Today’s haiku is taken from the article, I spent the day eating like Nigella Lawson – and lived to tell the tale where the writer, Ann Ding, describes trying to eat at the places named by someone named Nigella Lawson eats at when Ms. Lawson visits Australia.

I have never heard of Nigella Lawson.

Apparently she is a Martha Stewart type in Britain but has managed, during a long career, to fly under my radar.

Regardless, she eats great food made at great restaurants.

Though, as Ms. Ding points out, that a high end Sydney restaurant named, Bondi, “… an institution for beautiful people. I think this may be because – while the food is delicious and looks sexy – Icebergs occupies that juncture of “modern Australian dining” which mostly just means “Italian”, and I don’t really need to go to Bondi for that.

Ms. Ding is a food writer and like art and music writers, they get to use the best word and word combinations in painting word pictures.

They also get to build in a sense of the tactile sense of taste which is really great work to have if you can get it.

Ms. Ding writes of “… a piece of lemon, almond and ricotta cake.

As we lounge at the edge of the botanic garden, I take a bite of the cake – the lemon curd and whipped cream is like eating a mouthful of the afternoon winter sun.

And I like that.

I like that a lot.

… the lemon curd and whipped cream is like eating a mouthful of the afternoon winter sun.

Not sure I would go to Australia to get a piece.

But I will think about it.

And I will think about word pictures the next time I am eating.

6.18.2023 – blessed is the man

blessed is the man
whose quiver is full – they will
not be put to shame

Like arrows in the hands of a warrior are children born in one’s youth.
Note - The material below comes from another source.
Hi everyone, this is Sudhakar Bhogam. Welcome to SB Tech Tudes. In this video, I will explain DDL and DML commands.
Blessed is the man whose quiver is full of them.

They will not be put to shame when they contend with their opponents in court.

Psalms 127:3-5 New International Version (NIV)
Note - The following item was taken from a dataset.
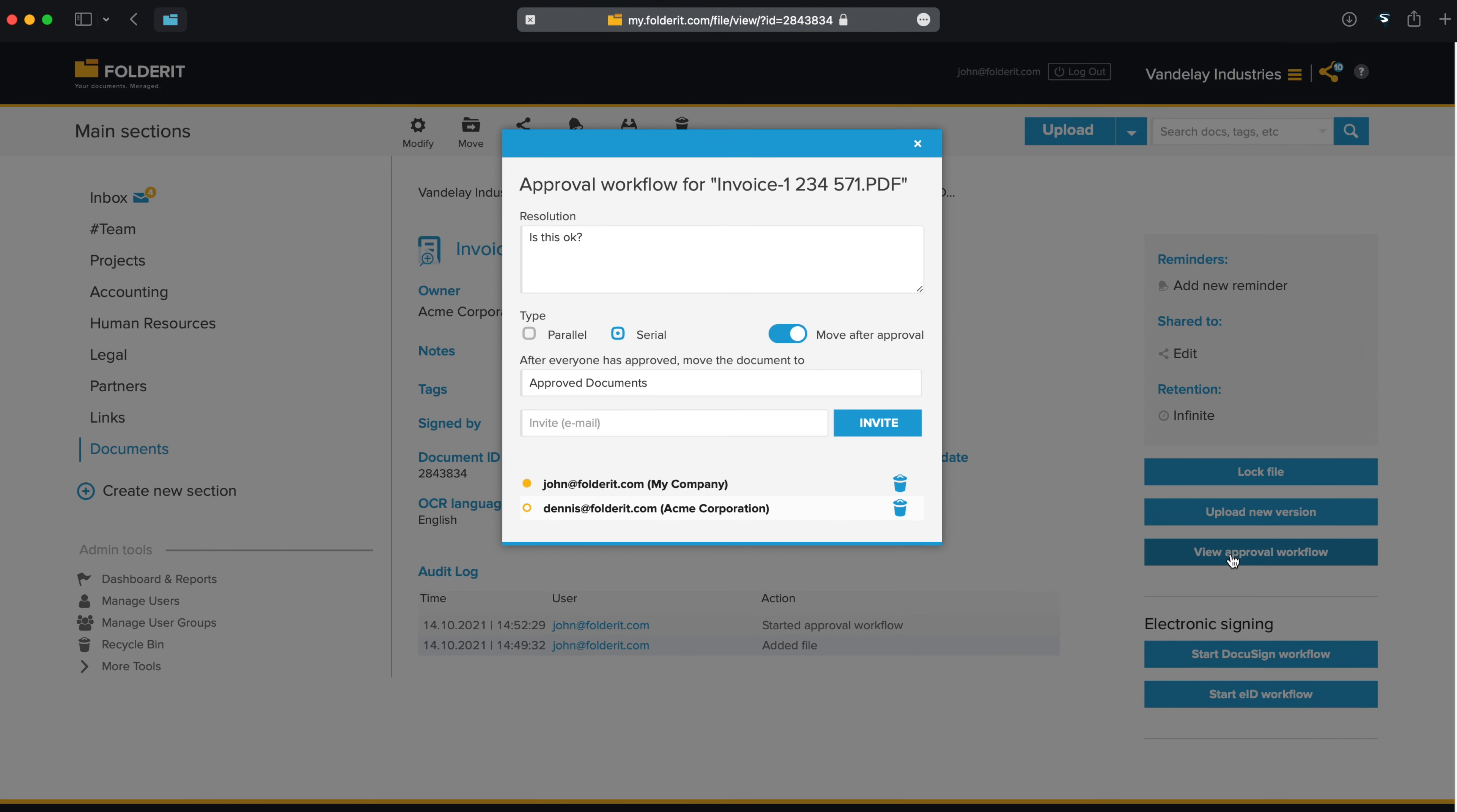This will show you everyone's timestamped decisions, comments, and if they attached a file to their decision, then that too. Right now, there are no decisions yet. John has already been invited, but others are awaiting until John approves.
6.17.2023 – weary sun hath made

weary sun hath made
a golden set gives token
goodly tomorrow.

The weary sun hath made a golden set
And by the bright tract of his fiery car
Gives token of a goodly day to-morrow.

Richard III: Act 5, Scene 4 by Big Bill

Drat that green spot caused by smart phone camera.

Seems that if my smart phone was so smart that green dot wouldn’t show up.

One blogger wrote: Many iPhone users see a green dot on their pictures. Although it is of negligible size yet it looks bad.

This issue is a real concern for photography lovers. They toil a lot to capture a perfect shot or selfie. But, the green dot spoils both their mood and the picture.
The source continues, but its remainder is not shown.